Other Key Issues from Late 2025

  • Reports of wasteful spending, such as €350,000 on a driveway, lift shaft, and peacock enclosure at Kerdiffstown House (a shelter in Co Kildare) under former CEO Pat Doyle.
  • €172,000 spent renting a derelict, uninhabitable property in Limerick for over five years.
  • Fundraising has collapsed dramatically (from €15 million in 2022 to ~€2 million in 2025, with projections as low as €500,000 for 2026).
  • The trust is transferring properties (valued to repay the bailout) to local authorities and the state, as part of bailout conditions. This includes ongoing talks and asset reviews expected to continue into 2026.
  • 2023 accounts (published late in 2025 after delays) showed a €23 million property write-down and other accounting issues.

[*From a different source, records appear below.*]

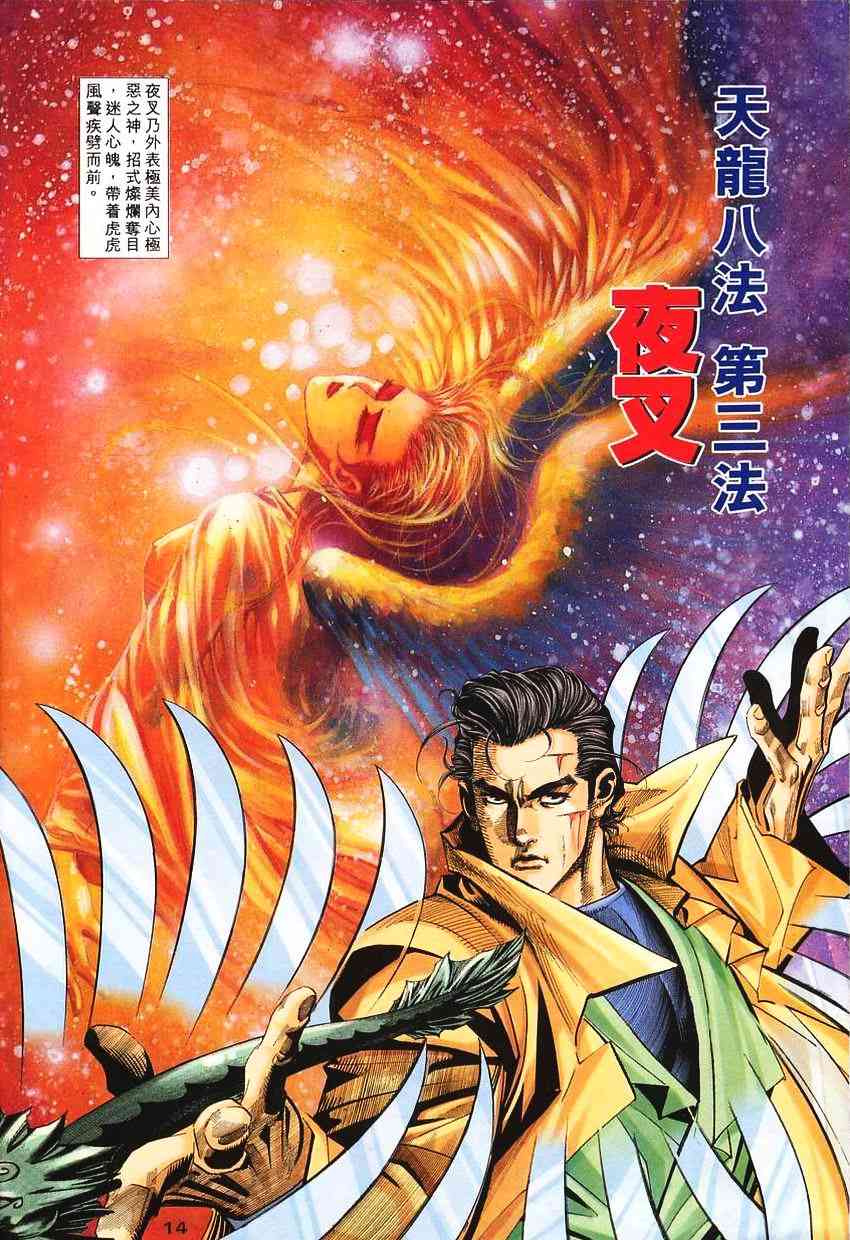 《霸刀》漫画最新章节第137回免费下拉式在线观看章节第【14】张图片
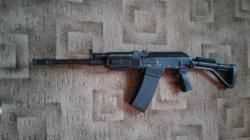 вепрь молот ВПО205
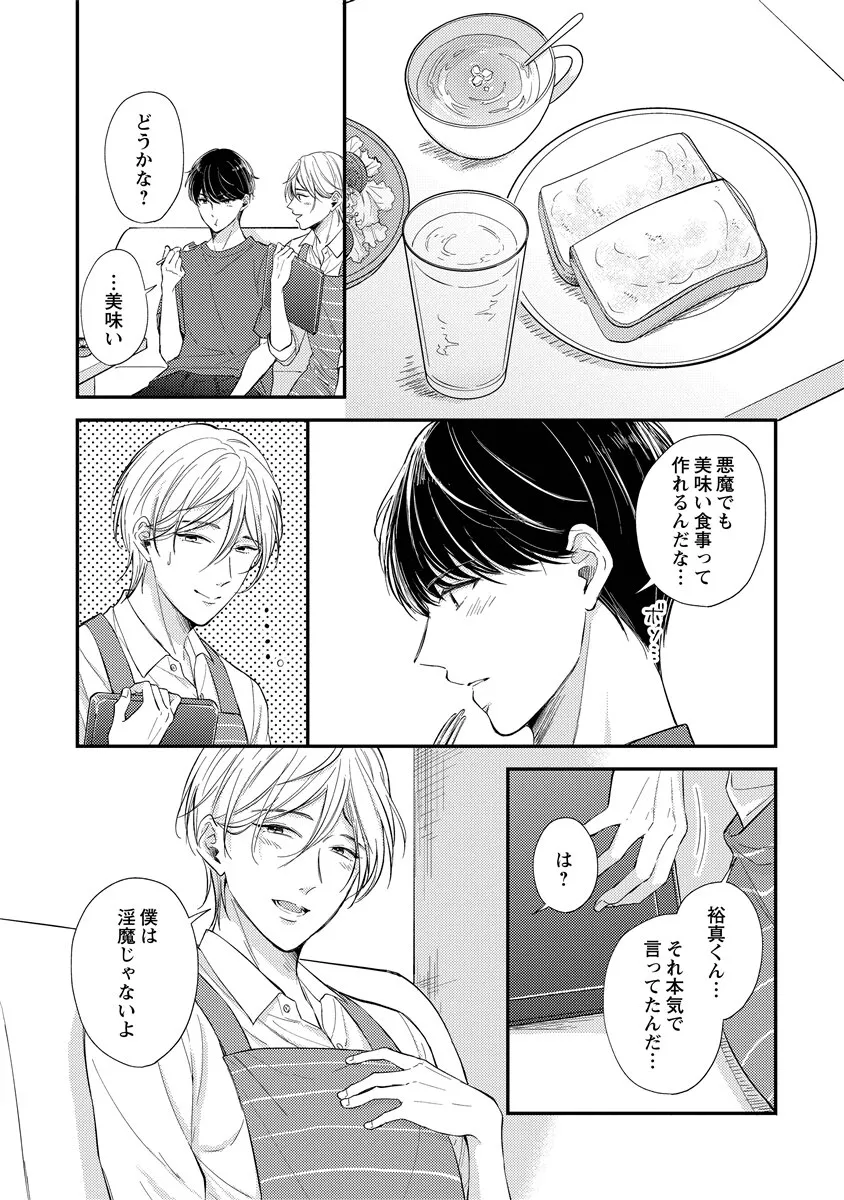 Page 195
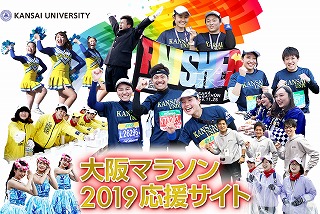関西大学大阪マラソン
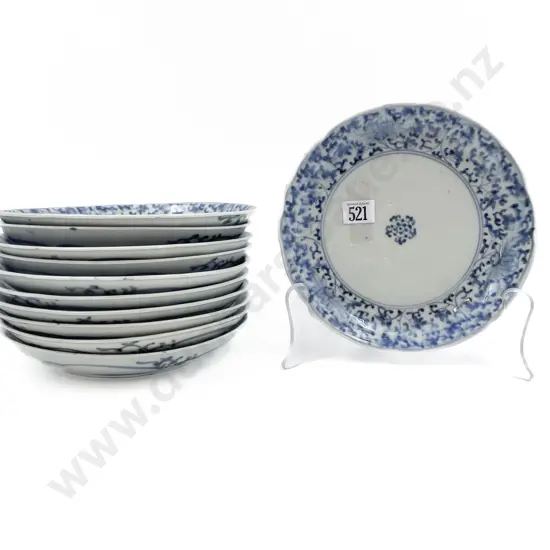 Qty of Chinese Blue and White Shallow Dishes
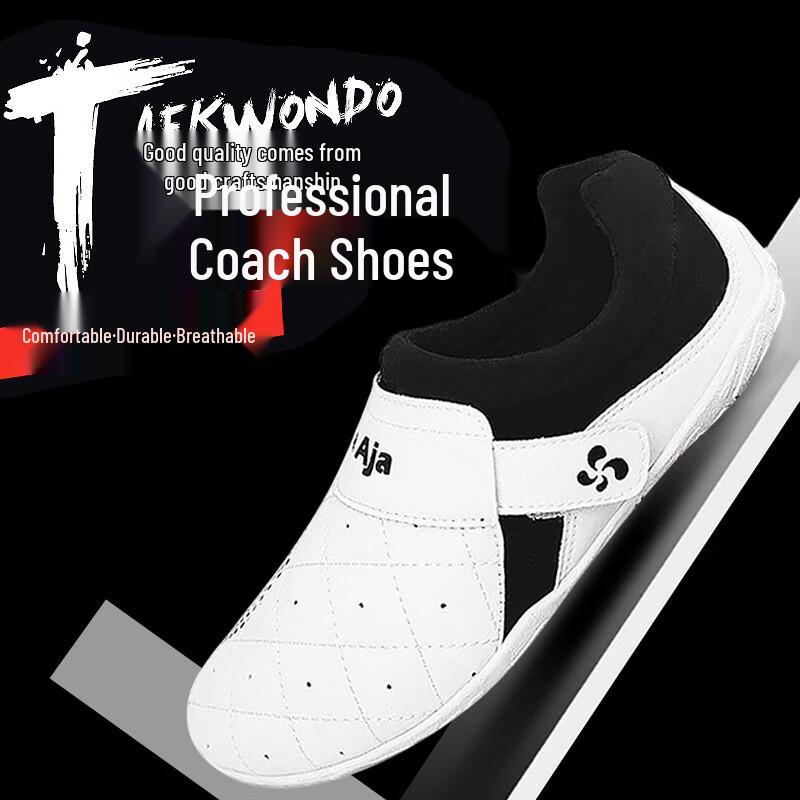 Taekwondo & Martial Arts Training Shoes
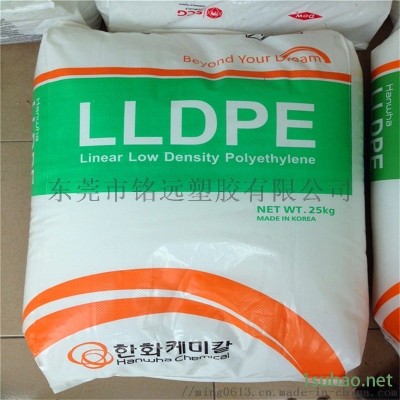 LLDPE LL1001 注塑级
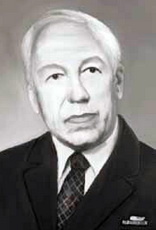 В. А. Никонов.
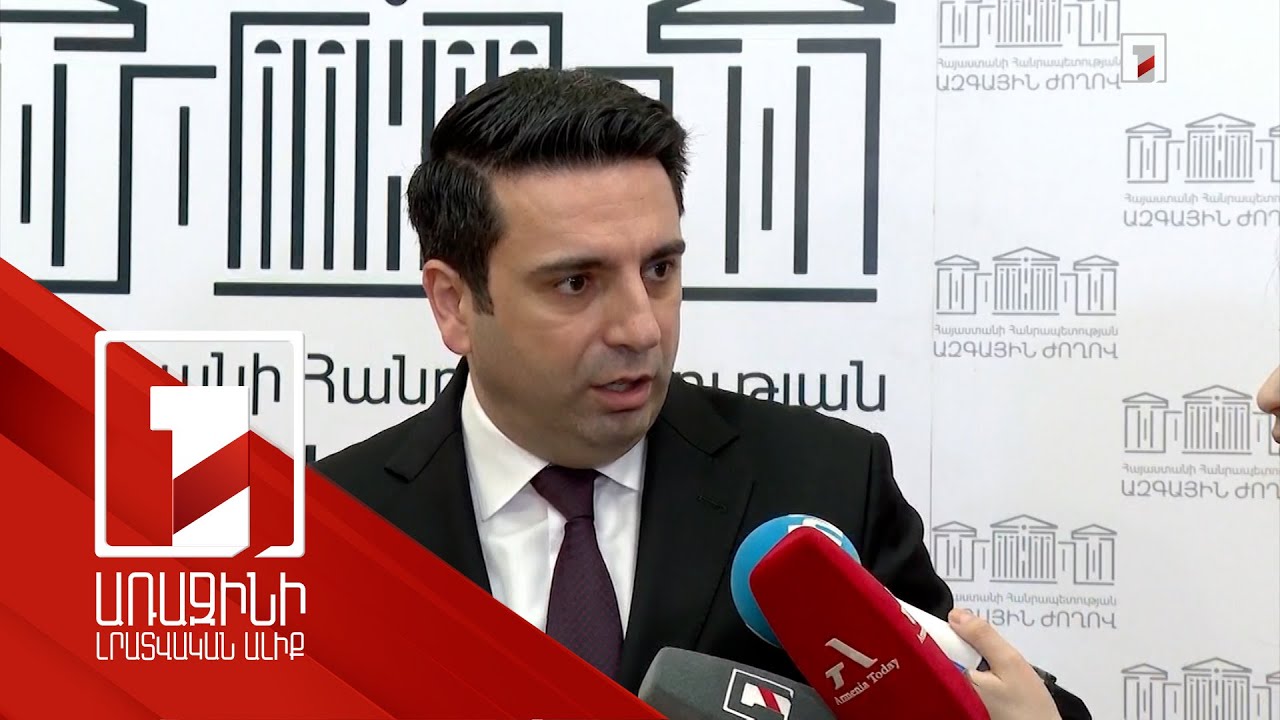 Հայաստանն Արցախին մենակ չի թողել. Ալեն Սիմոնյան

The current chairperson (former HSE chief Tony O’Brien, appointed in 2025) has described past operations as “rife with conflicts of interest” and emphasized governance reforms. The charity continues to deliver services and recruit staff (e.g., recent job postings for its Assets & Facilities team), but public trust and donations have been severely impacted. This situation has broader implications for Ireland’s reliance on NGOs for homelessness services, with calls for stronger oversight of the sector. For the official perspective, check the Peter McVerry Trust website (pmvtrust.ie), though recent media coverage has dominated the narrative. The saga is still unfolding, with potential further developments from the Garda probe.